Is the restaurant god a Sloane? Chelsea’s three historic shrines to Sloanedom – Dan’s, Monkey’s and Foxtrot Oscar – have all been pillaged in recent years, and in each case the vengeance has been terrible.
Most obvious is Monkey’s, which became Tom’s Place, which quickly became Aikens’s ex-place when it was shut down for being too smelly. And then there’s Foxtrot Oscar, which was bought out by Gordon Ramsay, wrecked, and currently exists in a sort of limbo, neither fully closed nor fully open. And then there was Dan’s, which was relaunched first as one Italian restaurant, and has in short order been relaunched as the one we review today.

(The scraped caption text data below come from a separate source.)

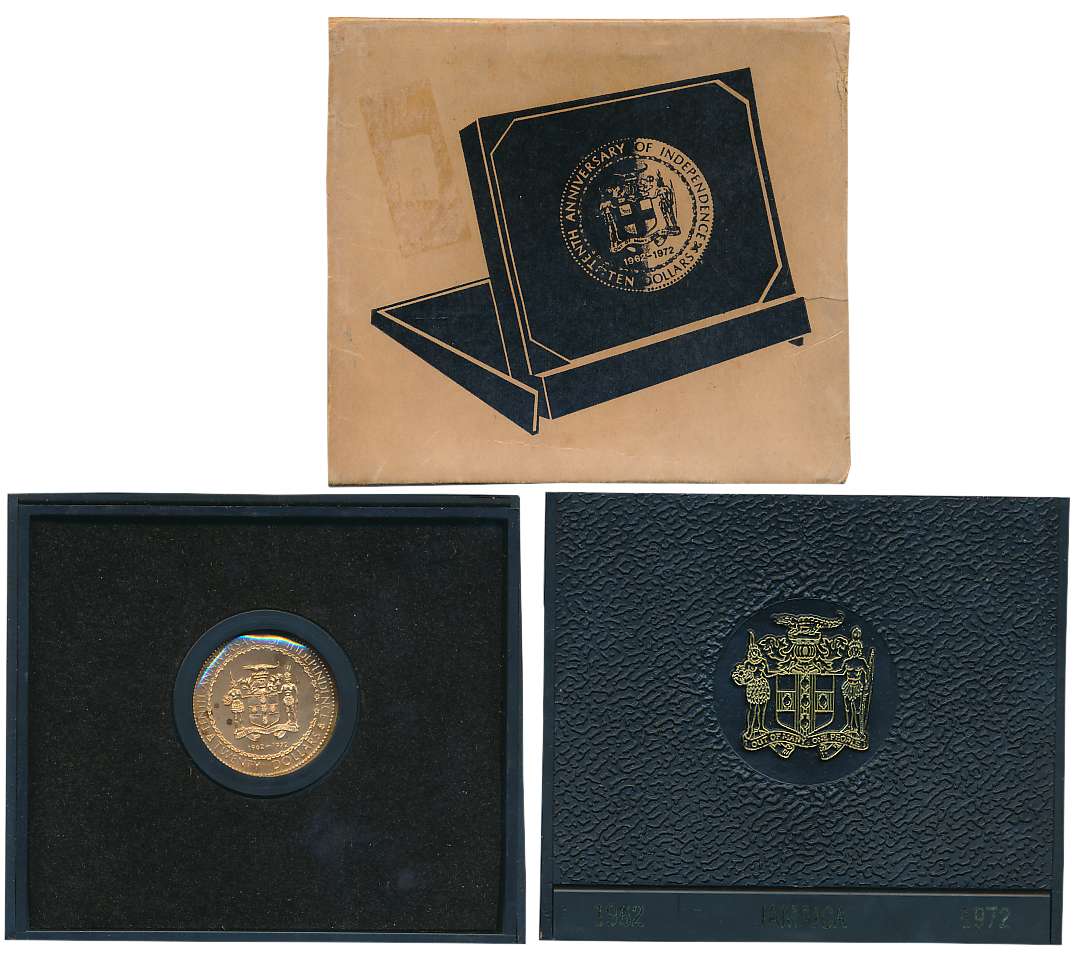 Jamaica, Copper Nickel, 20 Doller, “Tenth Anniversary of Independence”, 1962-1972. In orig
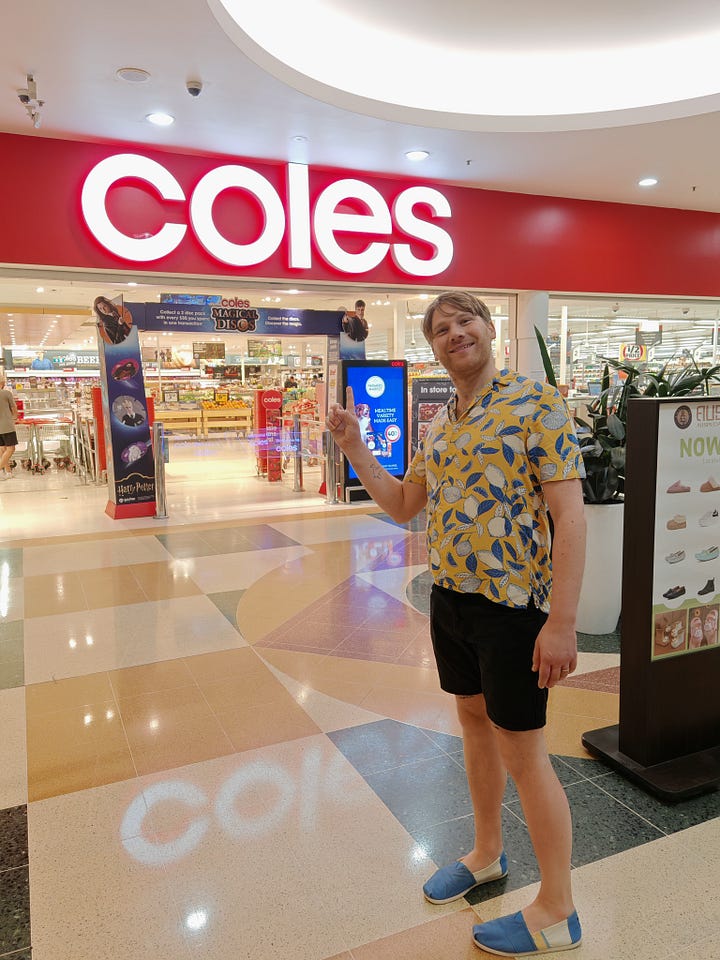 L: the front of an annexe in a garden, its door open. R: a young blonde man pointing at Coles supermarket's entrance in a shopping centre.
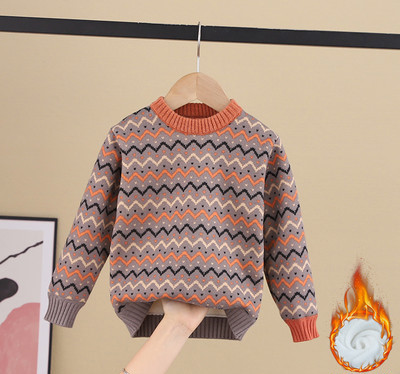 Детски пуловер за момичета с овално деколте в няколко цвята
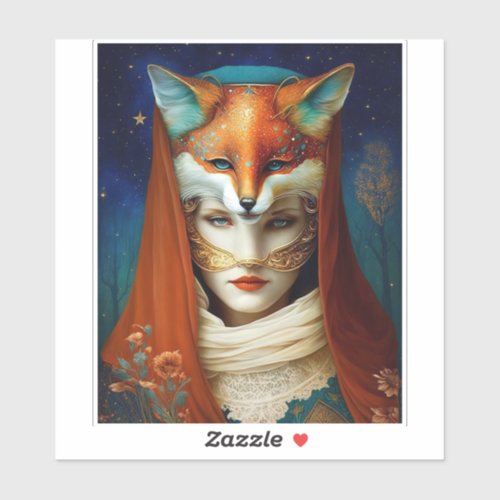 Fox Woman Surreal Fantasy Art Sticker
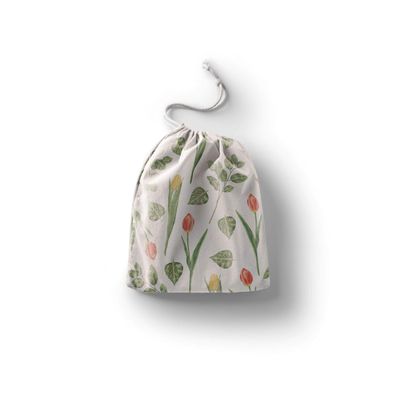 Le Jardin du Lin Printed Cotton Drawstring Bag, Reusable, Foldable, 30 x 40 cm
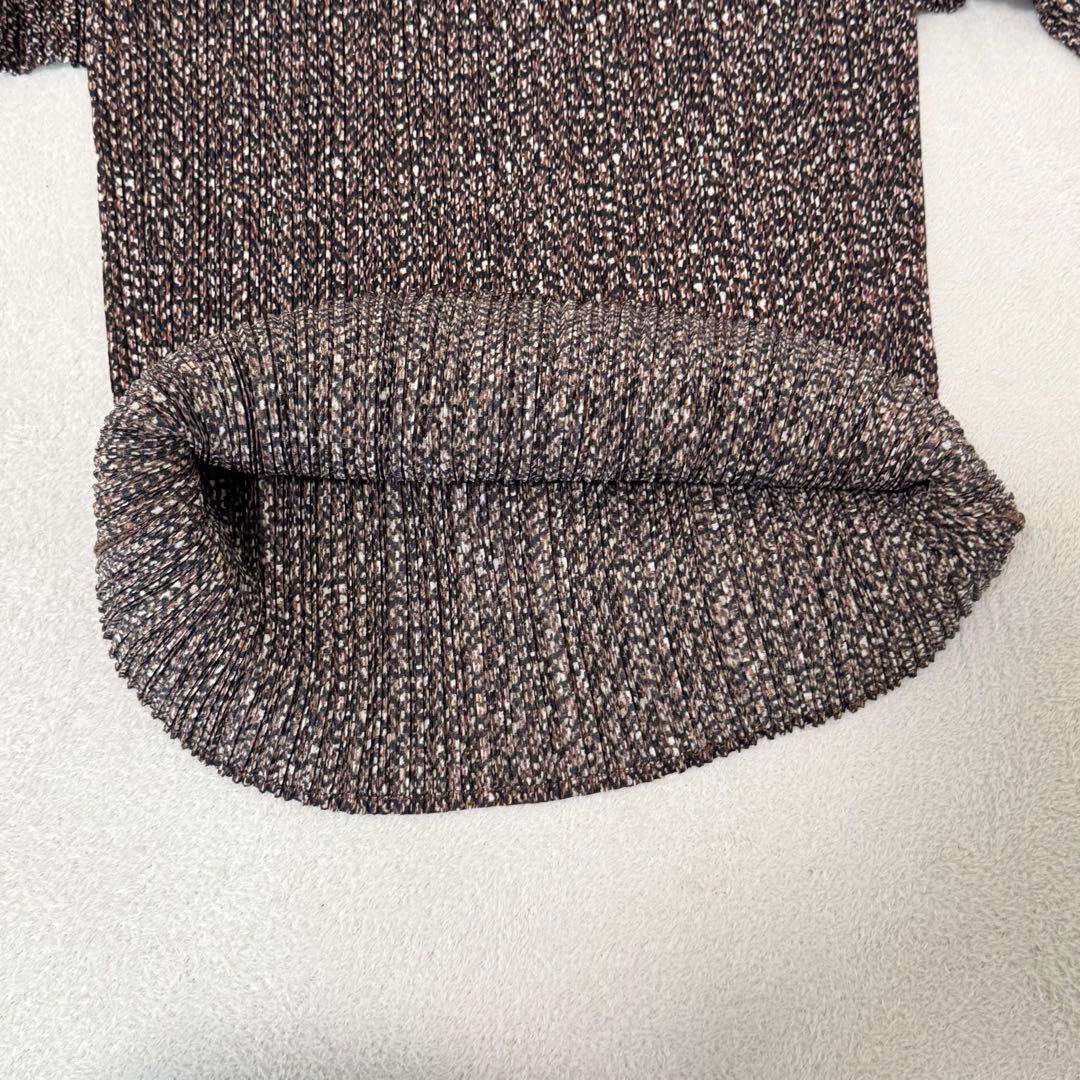 極美品✨PLEATS PLEASE プリーツ　柄入り　ブラウン　大きめサイズ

We wouldn’t, frankly, like to put too much money on the longevity of the new establishment either. That’s not to criticise the service, which tries very hard. Nor the setting, which is smart enough, if somewhat uninspired in the way that the somewhat cramped proportions of this former townhouse seems to dictate.
Our problem is with the food. The menu may read well enough – and the dishes are nice enough to look at – but we came away feeling that we had been subjected to some sort of trial by fat and salt.
The meal kicked off with a (too) generous plate of olives, and a deep-fried cod goujon, and a (rather subtle) bit of pizza, with very salty focaccia (plus a plainer bread alternative). By this point, you’ve probably already had your salt quota for the day, but it just goes on and on through such main courses as liver with potatoes and spinach, and (very good to taste) lamb chops. In the end, the result is just numbing. And then you order an assorted pudding plate to share, and find you’re in total cream and richness overload territory. Don’t they have any fruit in Italy?
It’s not that any of the dishes, on their own, weren’t perfectly fine, but someone here seems to have forgotten that the word restaurant comes from ‘restaurer’ – to make you feel better. We, on the other hand, went out into the Chelsea night feeling we had had some sort of liberation.